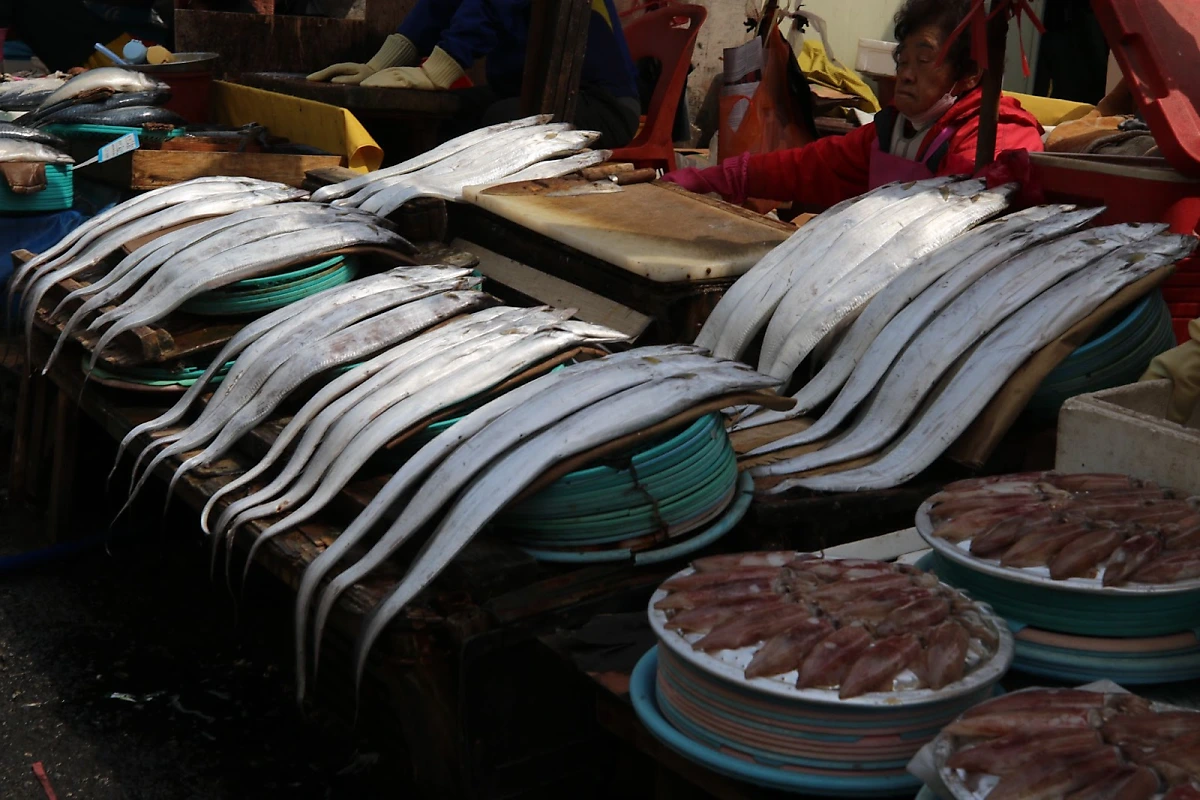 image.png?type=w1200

++++

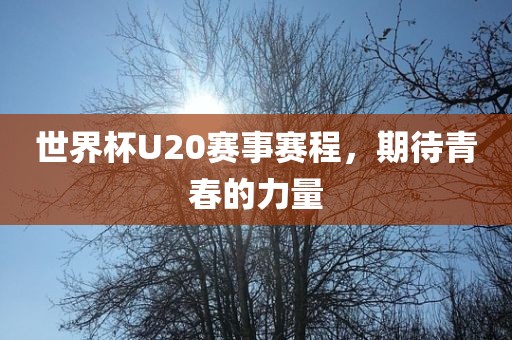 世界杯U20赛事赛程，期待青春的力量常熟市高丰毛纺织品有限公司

++++

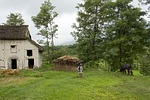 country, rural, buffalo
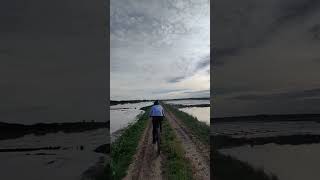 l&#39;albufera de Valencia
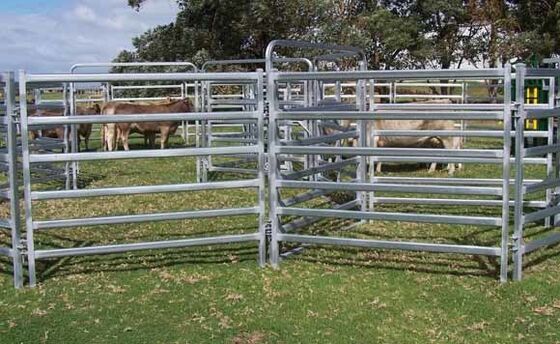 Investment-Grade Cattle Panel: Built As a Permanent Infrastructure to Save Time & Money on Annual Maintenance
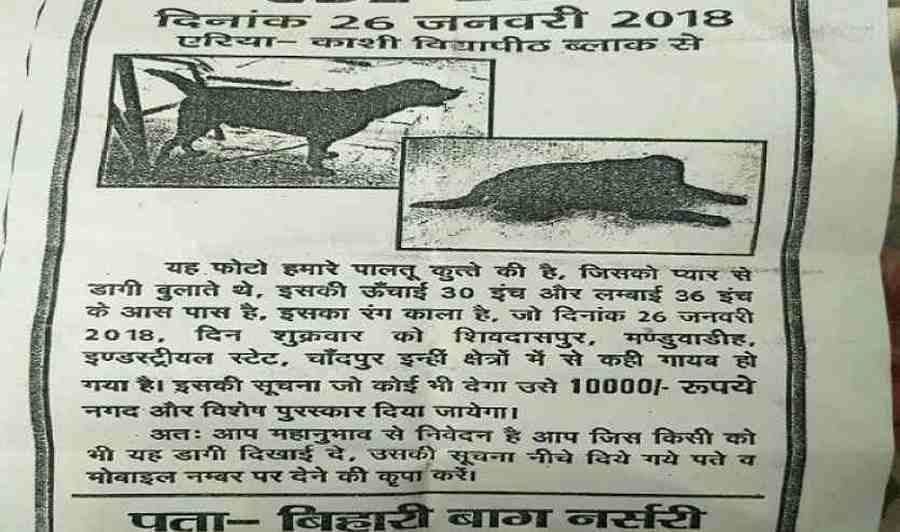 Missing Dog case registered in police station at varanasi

++++

**Required work:**
When copying from the data above, print only the lines from the line containing "Investment-Grade Cattle Panel: Built" to the line containing "Missing Dog case", exactly, and leave the pictures out.

**Solution to this task:**
 Investment-Grade Cattle Panel: Built As a Permanent Infrastructure to Save Time & Money on Annual Maintenance
 Missing Dog case registered in police station at varanasi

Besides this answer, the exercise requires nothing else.